Compile-time scale representation for unranked tensors

Now let us explain how we leverage this runtime properties of V to propose a compile time representation without knowing the full shape.

In the current proposal, we express it as a tensor with a shape of [P x Q]. It’s essentially a compact version of V where all the dimensions with size 1 are removed or “collapsed”. P and Q are constants known at compile time. They act as constraints or upper bounds on the potential sizes of dimensions m and n, respectively, in the actual unranked tensor.

Alternate Design: Infer block size and quantization dimension

In an alternate design we initially thought to use the shape of the scales tensor to determine the block size: shape(data)/shape(scale) = block_size, and quantization dim would be the dimension of the scale tensor that wasn’t equal to 1. However, this proposal didn’t scale well with dynamism, since the block size could not be statically known without enforcing rank constraints.

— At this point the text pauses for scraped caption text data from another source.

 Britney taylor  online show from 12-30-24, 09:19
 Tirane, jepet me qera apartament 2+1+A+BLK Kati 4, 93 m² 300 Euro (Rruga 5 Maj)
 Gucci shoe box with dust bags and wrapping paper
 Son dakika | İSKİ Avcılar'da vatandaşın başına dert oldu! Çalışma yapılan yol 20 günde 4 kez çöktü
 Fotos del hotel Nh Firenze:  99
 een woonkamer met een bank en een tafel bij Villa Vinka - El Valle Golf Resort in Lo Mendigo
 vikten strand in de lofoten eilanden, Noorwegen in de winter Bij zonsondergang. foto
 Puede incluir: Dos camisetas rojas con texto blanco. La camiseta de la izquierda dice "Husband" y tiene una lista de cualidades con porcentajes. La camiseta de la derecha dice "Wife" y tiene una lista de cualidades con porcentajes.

Therefore we opted to explicitly declare blockSizes and quantizationDimensions in the type.

Integration with Quant dialect ops

The introduction of the type will extend the operational semantics of quant.qcast and quant.dcast operations. The new type will be fully supported by quant.qcast and quant.dcast and will be fully supported in the --lower-quant-ops.

The exact decompositions will be covered in the “Appendix > Lowering qcast and dcast with suchannel quantization” section of this doc.

Comparison with other popular quantization schemes

This RFC proposes encoding sub-channel quantization parameters within the type system of the MLIR Quant dialect. This approach contrasts with other quantization schemes, such as the one employed by ONNX, where quantization parameters are explicitly defined within operations as operands. To better understand the design choices in this proposal, it’s helpful to compare and contrast these two strategies:

ONNX: Op-level Quantization Parameters ONNX represents quantization parameters directly within the operations themselves, making them an integral part of the model’s graph structure. This offers flexibility in expressing diverse quantization techniques, as the parameters are not bound to the static type of the tensor. However, this can lead to more complex model representations due to the increased number of explicit parameter definitions.

MLIR: Type-level Quantization Parameters In contrast, the MLIR Quant dialect, with this proposed sub-channel quantization type, aims to encode the quantization scheme directly within the type system. This method provides a more structured and concise way to represent quantization, potentially leading to simpler model representations and easier analysis. However, it’s important to acknowledge that the statically typed approach of the MLIR Quant dialect may not be suitable for all quantization scenarios. Expressing highly customized quantization strategies, such as those requiring dynamic parameters or non-uniform quantization, could pose challenges within the current type system.

Despite these potential limitations, the proposed sub-channel quantization type is a valuable addition to the MLIR Quant dialect. It directly addresses the needs of its existing user base by providing a more efficient and accurate quantization method for many common use cases.

Maintenance

Building upon the previous quant RFC, alongside MathWorks and others, the StableHLO and ODML teams express a strong interest in the ongoing development and enhancement of the quantization dialect. We have actively participated in the review of that RFCs PR and are committed to:

  • Proposing further enhancements to the verification and expressivity of the quant dialect.
  • Engaging in ongoing discussions and maintenance efforts related to the quant dialect.

We believe that collaborative development and maintenance will ensure the continued robustness and relevance of the quant dialect within the MLIR ecosystem.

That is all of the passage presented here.